In order to function, the stations need an uninterrupted source of power to record and transmit data, even as they sit unattended in locations with with months of darkness above the Arctic Circle, or in coastal mountains that can receive 30 feet of snow per winter. Batteries similar to those used in a car work, but carrying them to the sites — most only accessible by helicopter — adds up to an expensive maintenance proposition. Sometimes lithium batteries also work, but are more expensive.
“The largest component of the budget is helicopter time,” Ruppert said.
Sites near population centers use cell modems to transmit data back to the desks of researchers, including some located in villages that are able to link into infrastructure offered by a school or clinic. Other stations use radio networks. As a last resort, satellite communication can work too — but they use a lot of power, according to Ruppert. Speed is key. Data is transmitted to the lab “in seconds,” she said.
The data is all open source and public, so anyone can see it and use it, West said.

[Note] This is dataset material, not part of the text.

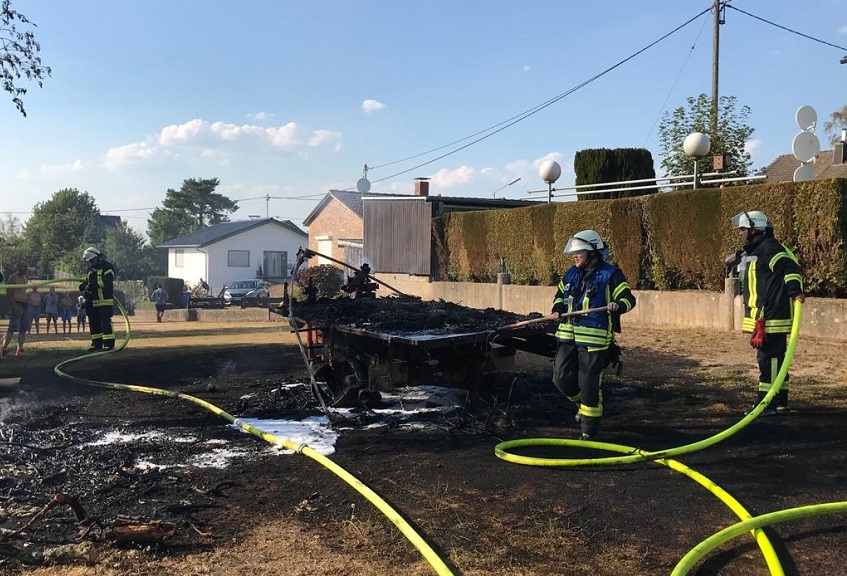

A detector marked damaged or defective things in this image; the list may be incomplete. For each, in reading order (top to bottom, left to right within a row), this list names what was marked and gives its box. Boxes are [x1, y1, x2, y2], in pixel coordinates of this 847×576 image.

burnt debris pile [288, 296, 532, 332]
burned trailer [288, 296, 560, 404]
charred trailer bed [294, 320, 560, 404]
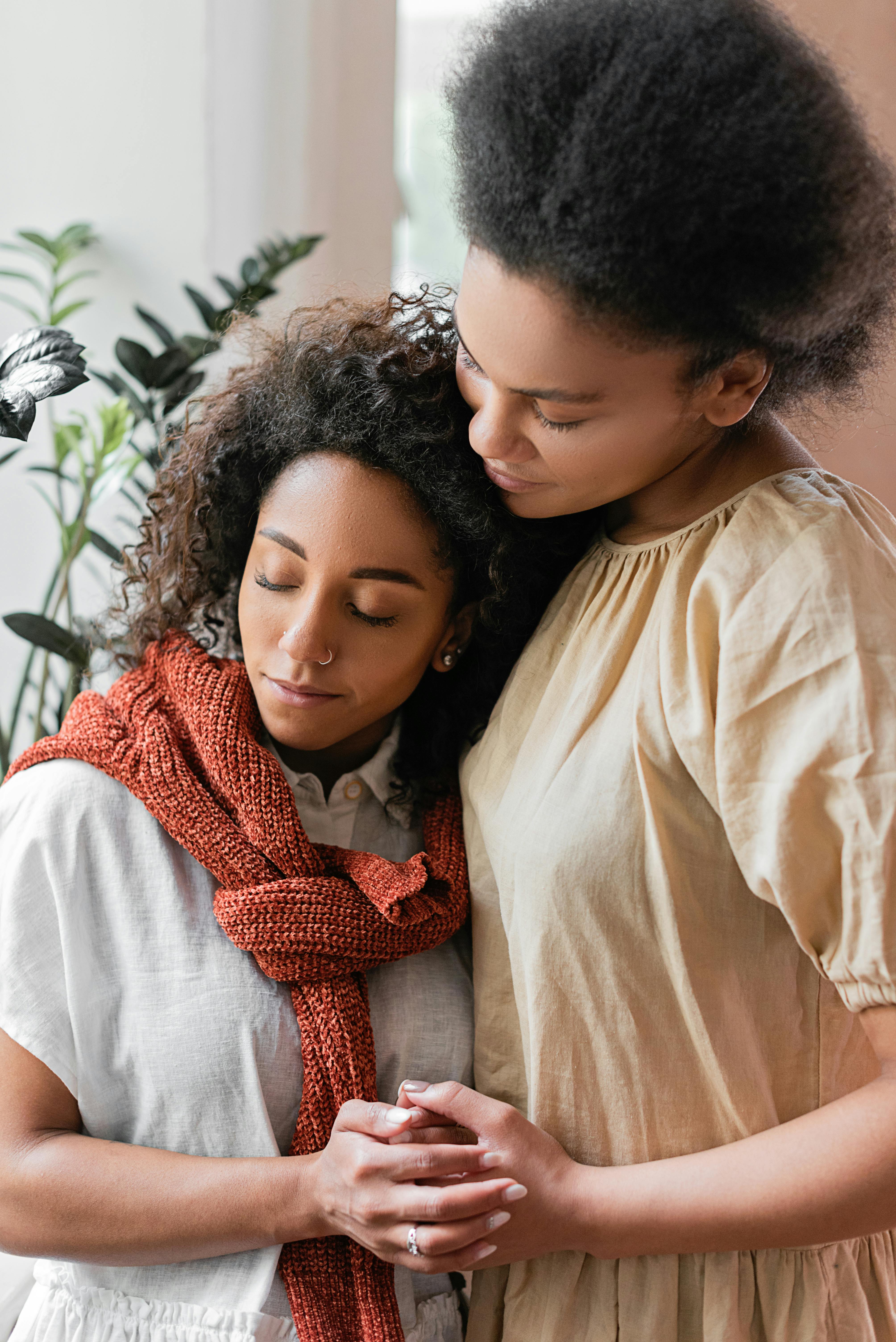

And then there’s the threat of wildlife. The seismic instruments are buried underground using a bore hole or a hand-dug hole, depending on the spot, Ruppert said. The surrounding caps are designed to be vertical, with as few places as possible for bears to pull on.
“Definitely, they would come and try to rip this apart,” Ruppert said, gesturing at the box that covers buried equipment at station M23K. “Recently we’ve been replacing these plastic wellhead boxes with steel. Steel withstands bear forces better.”
Bears that manage to open the door of the shelter where batteries and other electrical components are housed wreak havoc. The worst-case scenario? Bears disconnect a sensor cable and seismic data stops transmitting, Ruppert said. Some stations have been relocated after repeat bear problems.
“Yeah, so I guess, lack of sunlight, large snow, lots of bears,” she said. “Those are kind of the three issues that we deal with.”
It costs roughly $5 million per year to keep the network operating, West said. The Alaska Earthquake Center has an overall budget of roughly $7 million. In the past, the state budget has contributed to the earthquake center’s monitoring operations, West said. But in recent years, the money has come largely from federal appropriations.
“It is fair to say our funding is extremely tenuous,” West said. “It’s always ups and downs. We look out for ourselves.”
Much of that federal funding has come through U.S. Sen. Lisa Murkowski, who supported the 2019 acquisition of more earthquake sensors for Alaska. And earlier this year, Murkowski co-sponsored a bill that would send $175.4 million to the federal agencies responsible for long-term earthquake risk reduction, though it’s not clear how much of that money will end up with the Alaska Earthquake Center.
Murkowski’s office did not respond to a question about her support for the seismic monitoring network.
On the horizon: The possibility of an early earthquake warning system, like the ones in California, Washington and Oregon. Such a system would use statewide monitoring capability to deliver a text message to users seconds before the strongest shaking arrives.
Early warning systems don’t predict earthquakes. Rather, they’re meant to give people just a bit more time to get into a safe position to ride out the quake.
This summer, about a third of Alaska’s stations will get a visit and some kind of maintenance, which could include replacing batteries or repairing damage. The season started Sunday, Ruppert said. There’s no time to waste.